Addendum: As noted, the cost includes installation. However:

1. It's still silly for the PC to treat a water tank as $4 worth of static water.
2. Payback doesn't happen overnight, but it does happen.

I'd be interested to see what a better model would show!

Saturday, March 23, 2013

Different privacies



The thing Google Glass enthusiasts don't get is this: it's quite possible for privacy to be specific to the medium.

There are things, for example, that someone is prepared to discuss in words, or even publish in text, that they would never, ever wish to reveal in images or live video.

If you read this and know me already, you know that my wife, Ms T, has an immune system disorder that requires heavy chemotherapy. And that chemotherapy has unpleasant side-effects.

Now, she's brave: she gave me permission to blog about the real world of chemotherapy, to try and counteract the images of smiling people with no hair that sell charity gim-gams, and the glamorous world of movie-chemotherapy of Noble Suffering. Chemotherapy, among other things, leads to copious vomiting and bowel incontinence, and it's a living hell when the planets align against you.

But that's text, Sergie. The worst of it – the real-world cleanups, the unscheduled showers, the extra loads of washing, the reassurance that someone isn't repulsive just because they've been injected with a drug that's two steps removed from mustard gas – remains private.

And then there's the Google obsession with its new cargo-cult, the not-yet-released Google Glass, a way to capture everything that happens to everyone if one psychotic company can just sell enough product.

Now imagine yourself in a situation: That someone you loved with nothing more than a disease is caught short during a shopping trip; that she makes a desperate dash to the public toilet, while you head in a different direction to buy underwear; and that some creep decides that this is going to get them a handful of YouTube hits.

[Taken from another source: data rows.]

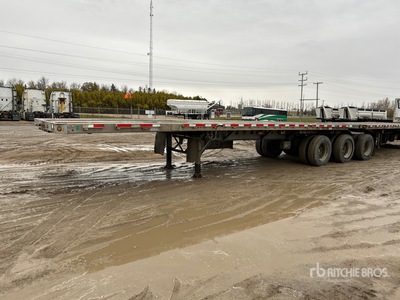 2000 Manac Super B-Train Lead フラットベッドトレーラー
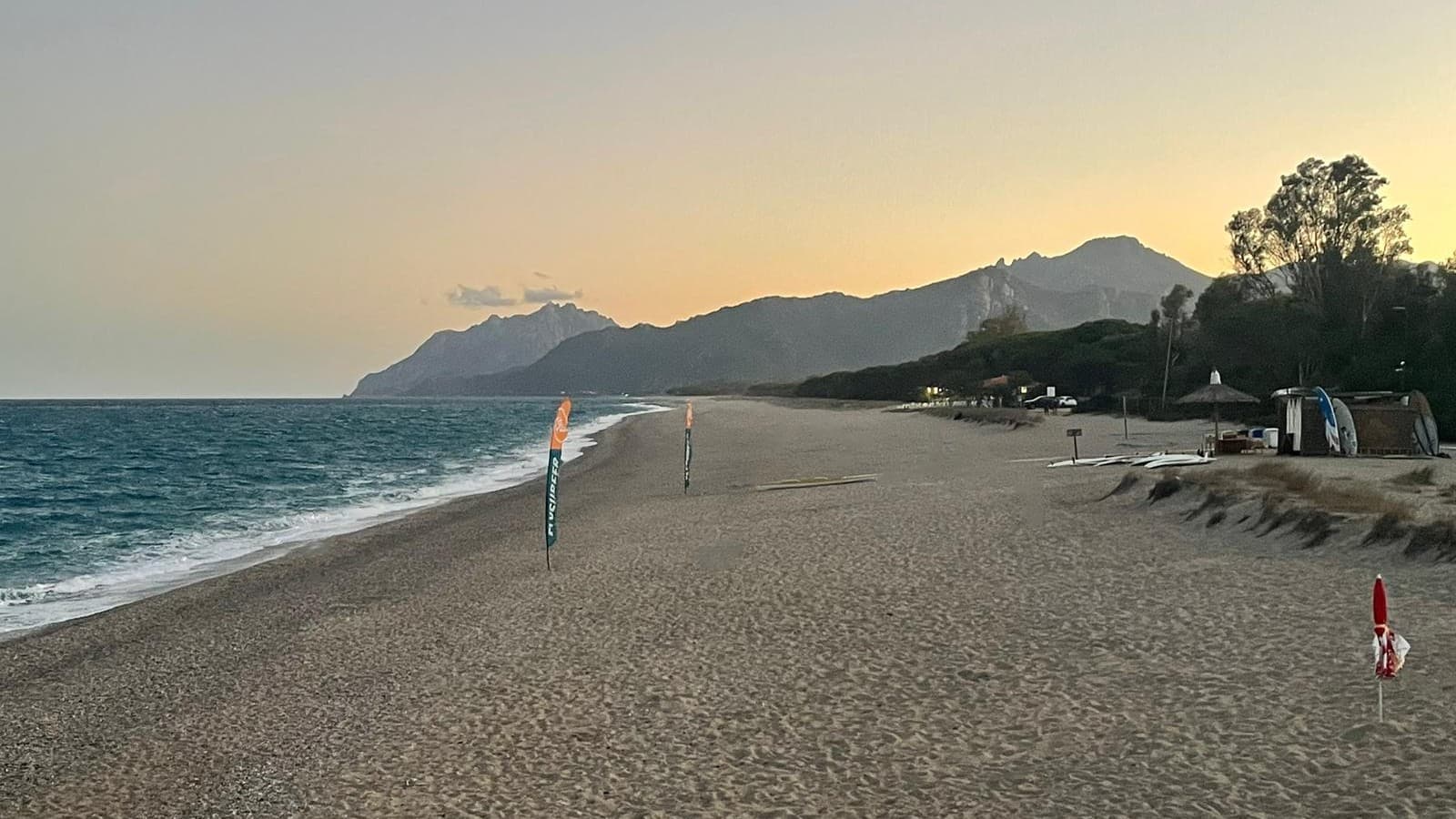 Strand bei Bari Sardo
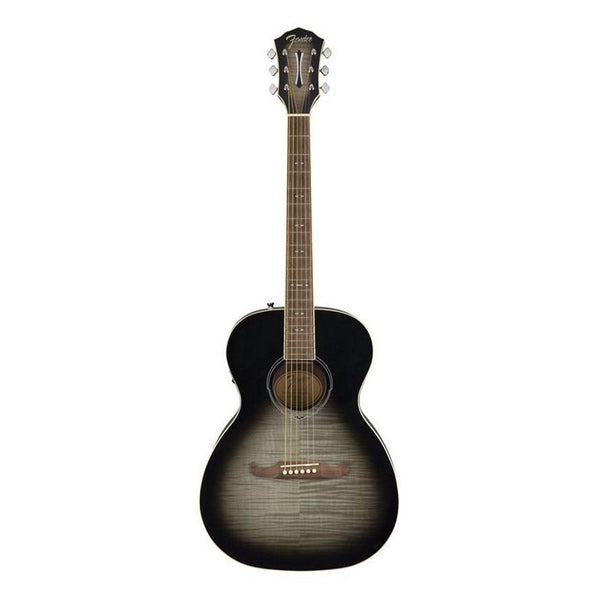 Fender FA235E Concert Acoustic Guitar-Guitar & Bass-Fender-Natural-Logans Pianos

Yeah, I can easily imagine that such creeps exist. I've had to deal with creeps with smartphones who thought that “this is the junkie getting to the doctor ahead of me” was a legitimate Tweet (Ms T isn't a junkie; the marks on her arms are symptoms of her disease, and she was at the time 35 kg because she was near death).

I can easily imagine men using video-glasses to upskirt women on stairs or escalators or any other chance that presents itself. Hell, I'm a man: Ms T, discussing this subject said “If you stop looking at women, I'll bury you. If you video them, I'll kill you, then bury you.”

But there are too many people, too vulnerable, who have to be in public. They all have to work, shop, visit the doctor, the dentist, the library, the butcher. They don't need some smug, solipsistic smart-arse with camera-glasses to publish their misery worldwide.

The humiliation of the helpless is the endless preoccupation of the nutless: and with Google Glass, all those guys with no balls will have their perfect humiliation to practise on everyone with more misery than they have.

So I will make this pronouncement: not on my patch. At least on those parts of the world that are my property, I will never permit anything that looks like Google Glass. Go elsewhere, you sad losers, and leave people to their unaugmented reality, with its imperfections and loves and privacy.